Ideally, your investments will be divided into groups, with a certain percentage of your total investment allocation going to each group. For example, you may have chosen to invest in stocks, real estate, precious metals and cryptocurrency. You may be investing 50% in stocks, 25% in real estate, 20% in precious metals and 5% in cryptocurrency. Obviously, the percentage allocated to each group you choose will be determined based upon your risk tolerance.

Dollar-Cost Averaging

Many wise investors use “dollar-cost averaging” as a part of their investment decision process. Dollar-cost averaging is simply dividing up the amount of money you have to invest over a longer time frame.

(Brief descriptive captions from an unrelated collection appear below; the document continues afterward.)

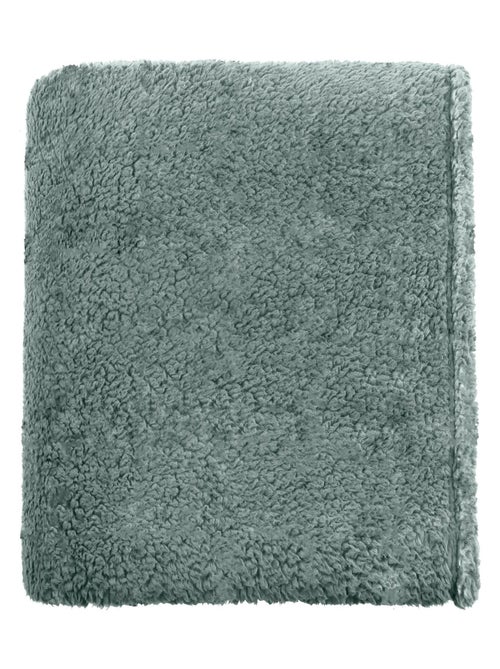 Plaid polaire uni - Terre de Nuit - Kiabi Plaid polaire uni - Terre de Nuit - Kiabi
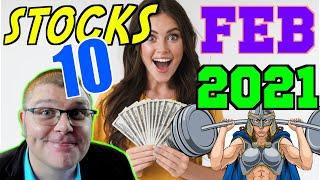 Top 10 STOCKS TO BUY NOW in February 2022 (Barbell Portfolio)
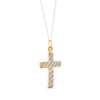 Thumbnail Image 3 of Cross Necklace 10K Yellow Gold 18&quot;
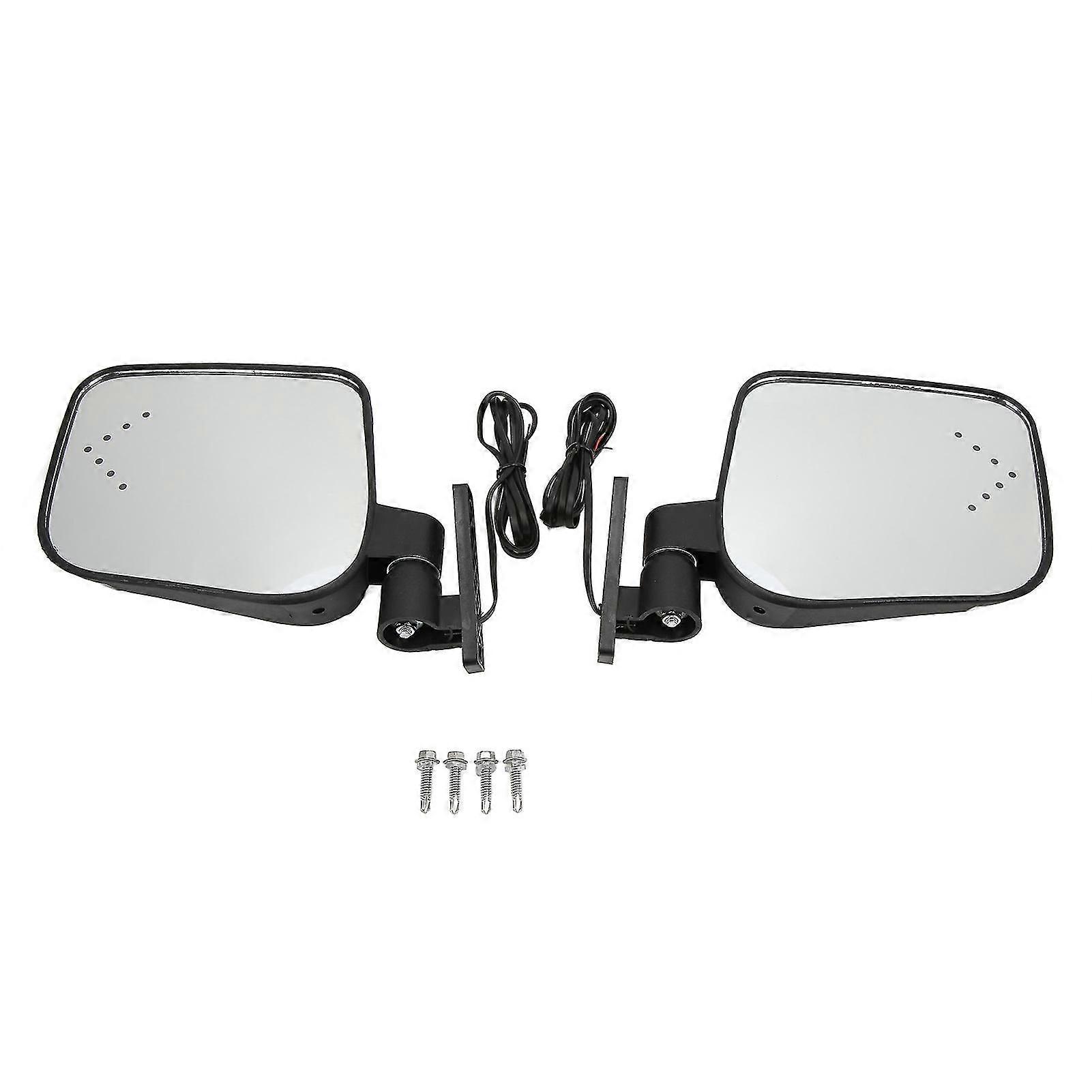 Club Car Turn Signal Light Rearview Mirror,2PCS Club Car LED Club Car Rearview Mirror Club Car LED Rear View Mirror Enhanced Features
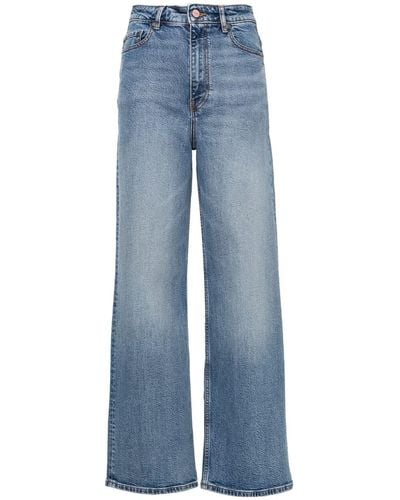 Ganni Andi High-rise Wide-leg Jeans - Blue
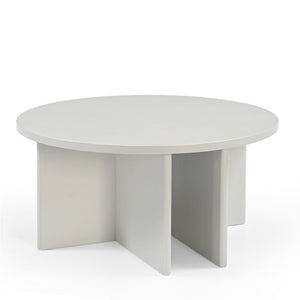 Off white bijzettafel 80cm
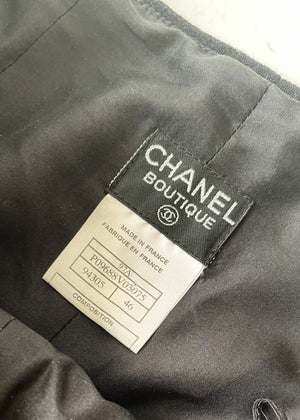 Vintage Chanel Wool Sailor Pants - Raleigh Vintage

For example, let’s say you have $1,200 to invest in the year 2021. Then each month, you will invest $100 ($1,200/12 months = $100/mo.). Your $1,200 investment would then be dollar-cost averaged over a one-year period.

This investment methodology means that you invest the same amount of money each week or month, no matter if the market goes higher or lower. Dollar-cost averaging takes the emotion out of the investment decision process and simplified investing. It also prevents investors from making bad decisions.

If you don’t know how much to invest, then start out simply. Every month, divert 10-15% of your earnings to investment(s). An example would be investing in a 401(k), Investment Retirement Account (IRA) and/or real estate. Year after year, your money will grow and work for you during the investment decision process to create wealth.

Diversify Investments

No one can predict the future to know what investments will do well and which ones will fail. As a result, we can improve our odds of success in investing my diversifying our investments. Diversification of investments means spreading your money over different investment sectors. For example, you may want to have some stocks, bonds, real estate and precious metals in your investment portfolio.

Tax Considerations

Some investments will inherently have higher tax implications than others. In many cases, timing is important when the asset is sold in determining how it is taxed. The level of taxation of an asset can impact your return on investment. For example, if you purchase a home, fix it up and flip it for a profit, it will be taxed at a higher rate than if you simply bought a home and lived in in for a few years.

Find a Good Financial Advisor

Many of the topics discussed regarding personal finance and investment complicated and you probably need the assistance of a financial advisor. A financial advisor can help you make better informed decisions about how to best invest your money. Be careful to select an advisor who is knowledgeable in their industry and who has a proven track record regarding investment.

Unfortunately, many “financial advisors” are simply sales people who know very little about investment and are simply trying to earn a commission by locking in your business. Do your research to find the best candidate. In some cases, good financial advisors charge an upfront fee for consultation because they do not earn a commission from helping you with investing.

“Faux Investments” That Are Not Really Investments

Our list of investments did not include several financial products that some may consider investments. The reason we excluded these “faux investments” is because they don’t provide real returns on your investment and/or they may be risky. In addition, many of the faux investments may actually lose money on an annual basis, guaranteed.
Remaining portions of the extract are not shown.